Понятые как "арена" индивидуальной активности, в разновидность спортивного состязания превращаются не только экономика и политика. Спортивной ареной оказывается и сама жизнь. Витальность оказывается едва ли не главенствующим фактором успеха, ее утрата или избыток рассматриваются как основной критерий экономического благополучия и политического могущества.
Со спортом как "образом жизни" связаны новые представлении о здоровье, красоте и гармонии.

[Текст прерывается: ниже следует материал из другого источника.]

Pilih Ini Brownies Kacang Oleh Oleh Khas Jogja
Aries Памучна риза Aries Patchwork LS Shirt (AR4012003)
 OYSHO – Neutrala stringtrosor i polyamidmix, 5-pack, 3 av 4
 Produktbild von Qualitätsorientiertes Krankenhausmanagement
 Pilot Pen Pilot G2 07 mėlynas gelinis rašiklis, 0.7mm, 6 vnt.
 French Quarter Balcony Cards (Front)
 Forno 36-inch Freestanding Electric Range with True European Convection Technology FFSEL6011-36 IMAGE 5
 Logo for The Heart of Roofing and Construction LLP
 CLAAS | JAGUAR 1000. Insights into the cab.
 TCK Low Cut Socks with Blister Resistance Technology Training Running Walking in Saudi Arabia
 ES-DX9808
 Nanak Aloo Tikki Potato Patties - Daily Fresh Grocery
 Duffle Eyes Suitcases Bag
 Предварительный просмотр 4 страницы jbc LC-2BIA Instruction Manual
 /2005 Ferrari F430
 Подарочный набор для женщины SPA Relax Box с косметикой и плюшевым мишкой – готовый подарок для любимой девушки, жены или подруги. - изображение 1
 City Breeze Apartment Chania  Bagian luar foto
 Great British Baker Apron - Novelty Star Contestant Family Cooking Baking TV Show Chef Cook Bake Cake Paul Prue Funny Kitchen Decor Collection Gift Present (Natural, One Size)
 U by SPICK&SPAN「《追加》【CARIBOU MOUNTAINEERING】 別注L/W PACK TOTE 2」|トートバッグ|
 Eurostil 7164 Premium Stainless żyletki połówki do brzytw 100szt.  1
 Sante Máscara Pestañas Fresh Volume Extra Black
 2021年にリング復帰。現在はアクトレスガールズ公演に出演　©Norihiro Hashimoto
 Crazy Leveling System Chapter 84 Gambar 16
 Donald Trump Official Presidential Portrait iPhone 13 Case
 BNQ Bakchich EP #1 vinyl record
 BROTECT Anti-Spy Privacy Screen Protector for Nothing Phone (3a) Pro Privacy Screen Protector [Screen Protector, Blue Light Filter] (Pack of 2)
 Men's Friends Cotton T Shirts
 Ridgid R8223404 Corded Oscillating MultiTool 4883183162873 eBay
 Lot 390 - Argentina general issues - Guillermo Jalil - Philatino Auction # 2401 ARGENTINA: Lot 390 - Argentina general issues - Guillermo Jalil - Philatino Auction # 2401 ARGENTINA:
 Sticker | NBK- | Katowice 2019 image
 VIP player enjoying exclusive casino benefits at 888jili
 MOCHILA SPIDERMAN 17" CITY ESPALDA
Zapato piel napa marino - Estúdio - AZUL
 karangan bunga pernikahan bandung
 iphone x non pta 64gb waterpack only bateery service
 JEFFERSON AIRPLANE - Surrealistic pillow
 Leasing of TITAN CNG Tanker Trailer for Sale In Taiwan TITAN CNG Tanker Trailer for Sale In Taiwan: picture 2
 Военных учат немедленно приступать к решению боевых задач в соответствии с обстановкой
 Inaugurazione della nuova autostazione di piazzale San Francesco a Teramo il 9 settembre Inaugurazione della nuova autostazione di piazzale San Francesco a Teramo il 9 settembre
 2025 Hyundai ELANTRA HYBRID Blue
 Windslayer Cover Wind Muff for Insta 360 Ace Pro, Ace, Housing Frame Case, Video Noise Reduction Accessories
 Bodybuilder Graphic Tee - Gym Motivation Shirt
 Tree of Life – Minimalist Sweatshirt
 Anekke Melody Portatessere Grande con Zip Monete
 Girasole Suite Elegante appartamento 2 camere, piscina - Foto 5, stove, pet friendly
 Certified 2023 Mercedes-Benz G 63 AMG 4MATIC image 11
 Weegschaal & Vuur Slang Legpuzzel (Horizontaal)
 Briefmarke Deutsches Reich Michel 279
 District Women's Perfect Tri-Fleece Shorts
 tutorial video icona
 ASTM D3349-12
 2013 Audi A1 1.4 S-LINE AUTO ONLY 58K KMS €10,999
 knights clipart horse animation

Формирование "биополитического" капитализма оказывается сопряжено с тем, что эксплуатация человека больше не кажется эксплуатацией духовного существа, наделенного качествами "личности". Отныне человек эксплуатируется только в качестве тела, индивидуальность которого мыслится как всеобщее, а потому и ничем не примечательное достояние.
Эксплуатация оказывается родом упражнения, осуществлять которое необходимо для того, чтобы тело "не застаивалось" и более эффективно использовалось как ресурс. Эксплуатация, таким образом, также мыслится, по аналогии со спортом, как определенный режим нагрузки, который превращает тело в инструмент и заставляет его жить под знаком эффективности. "Биополитическая" революция, превратившая "трудящихся" в "менеджеров", сделала последних одновременно и инструкторами по эксплуатации собственных тел. Современная идеологическая интерпретация этого "режима нагрузки" превращает его в нечто среднее между "диететикой" и "фитнесом", только с большим энергетическим выходом.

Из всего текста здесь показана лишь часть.